Segment Start: The data

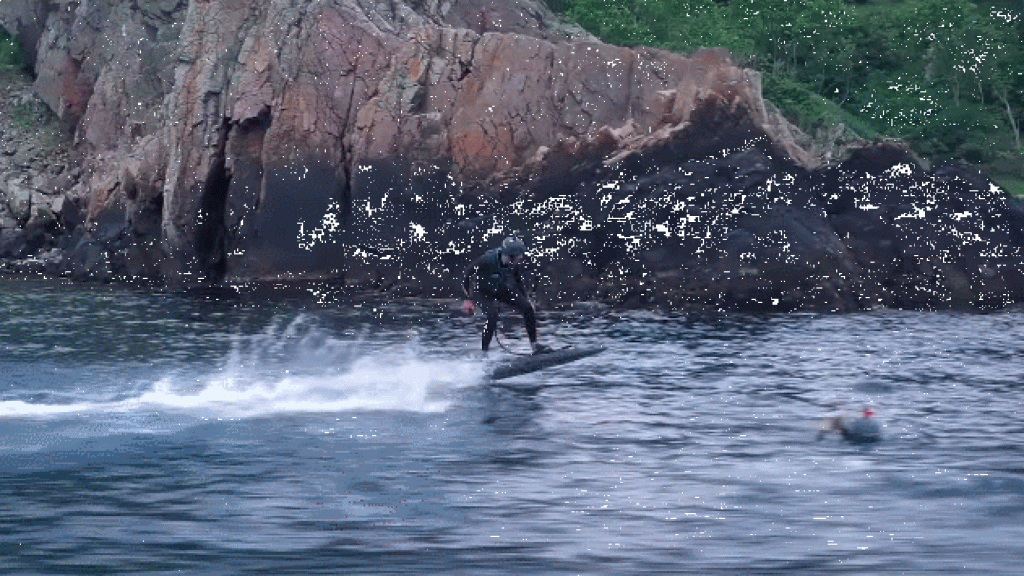 Awake Boards tabla de surf electrica con motor video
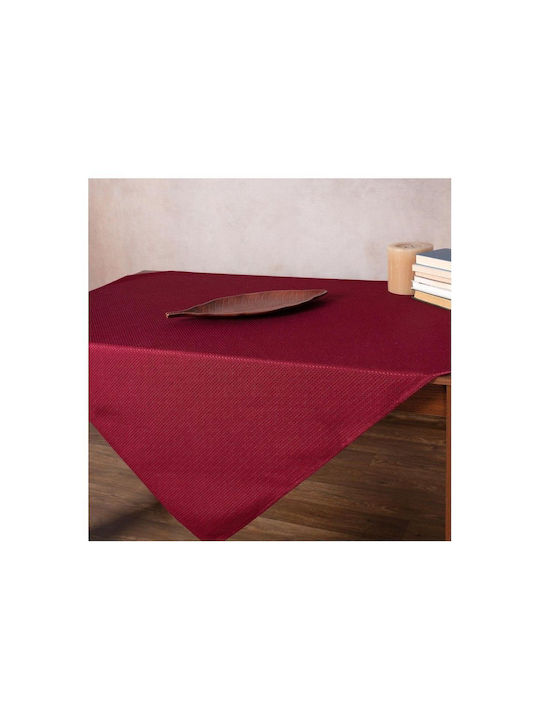 Silk Fashion Τραπεζομάντηλο Nelly Μπορντό 150x270εκ.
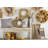 24 Inch Artificial Pumpkin Wheat Berry Corn Husk Wreath Thanksgiving Harvest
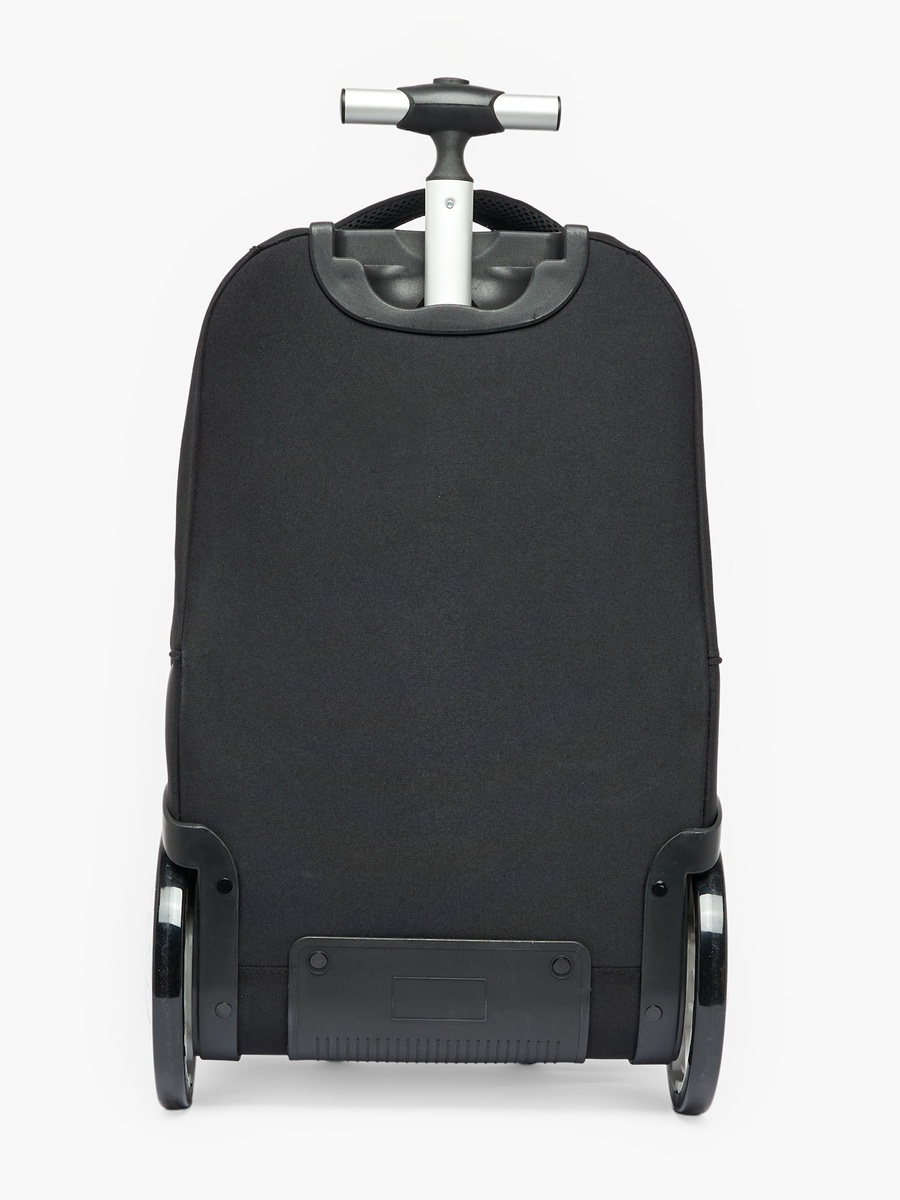 Solid 3-Piece School Trolley Bag Set with Lunch Bag - 18 inches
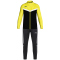 JAKO Iconic Polyesteranzug Kinder 808 - schwarz/soft yellow 116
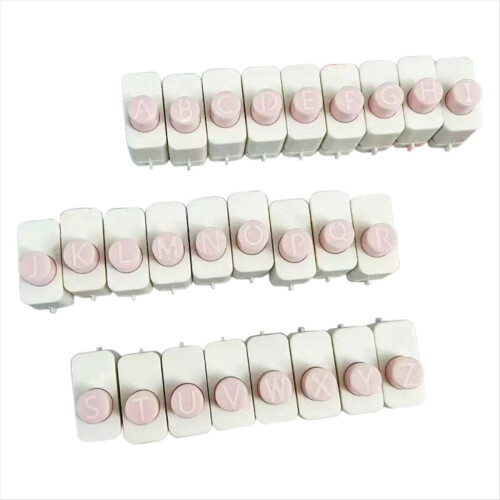 26-Letter Embossing Machine Tool Bit, DIY Hand-Book,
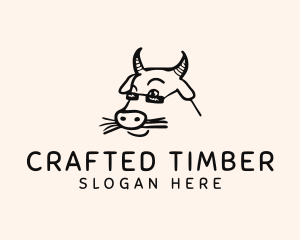 Farm Cow Shades logo design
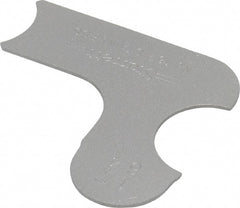Starrett - 17/64 Inch Radius Gage - Satin Chrome Finish, Stainless Steel - Exact Tooling
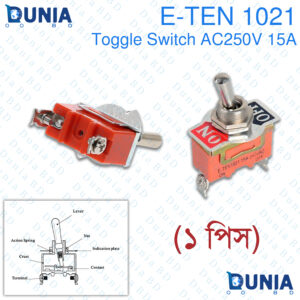 E-TEN 1021 Toggle Switch AC 250V 15A ON-OFF 2 Pin Heavy Duty Switch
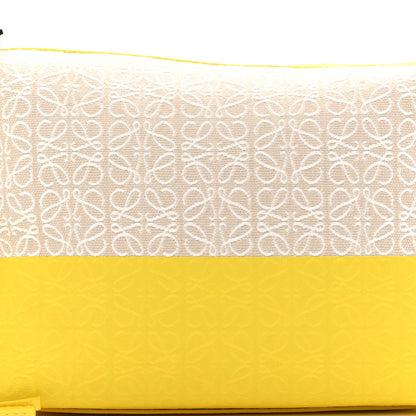 Loewe Jacquard Anagram Calfskin Small Cubi Bag Ecru Lemon 8 of 10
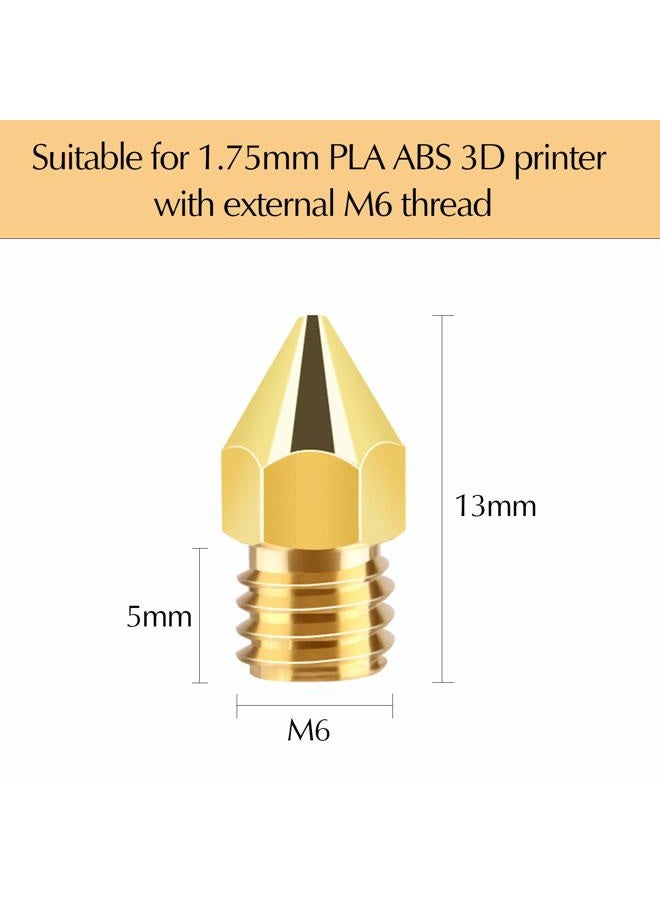 Tuparka 70Pcs 3D Printer Nozzle Kit MK8 Extruder Nozzles Brass Print Head 0.2mm, 0.3mm, 0.4mm, 0.5mm, 0.6mm, 0.8mm, 1.0mm with Storage Box Compatible with 3D Printer Makerbot Creality CR-10 Ender 3 5 - Image 5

Segment End: The data

Copy out every line of the material above exactly, skipping the pictures.

 Awake Boards tabla de surf electrica con motor video
 Silk Fashion Τραπεζομάντηλο Nelly Μπορντό 150x270εκ.
 24 Inch Artificial Pumpkin Wheat Berry Corn Husk Wreath Thanksgiving Harvest
 Solid 3-Piece School Trolley Bag Set with Lunch Bag - 18 inches
 JAKO Iconic Polyesteranzug Kinder 808 - schwarz/soft yellow 116
 26-Letter Embossing Machine Tool Bit, DIY Hand-Book,
 Farm Cow Shades logo design
Starrett - 17/64 Inch Radius Gage - Satin Chrome Finish, Stainless Steel - Exact Tooling
 E-TEN 1021 Toggle Switch AC 250V 15A ON-OFF 2 Pin Heavy Duty Switch
 Loewe Jacquard Anagram Calfskin Small Cubi Bag Ecru Lemon 8 of 10
 Tuparka 70Pcs 3D Printer Nozzle Kit MK8 Extruder Nozzles Brass Print Head 0.2mm, 0.3mm, 0.4mm, 0.5mm, 0.6mm, 0.8mm, 1.0mm with Storage Box Compatible with 3D Printer Makerbot Creality CR-10 Ender 3 5 - Image 5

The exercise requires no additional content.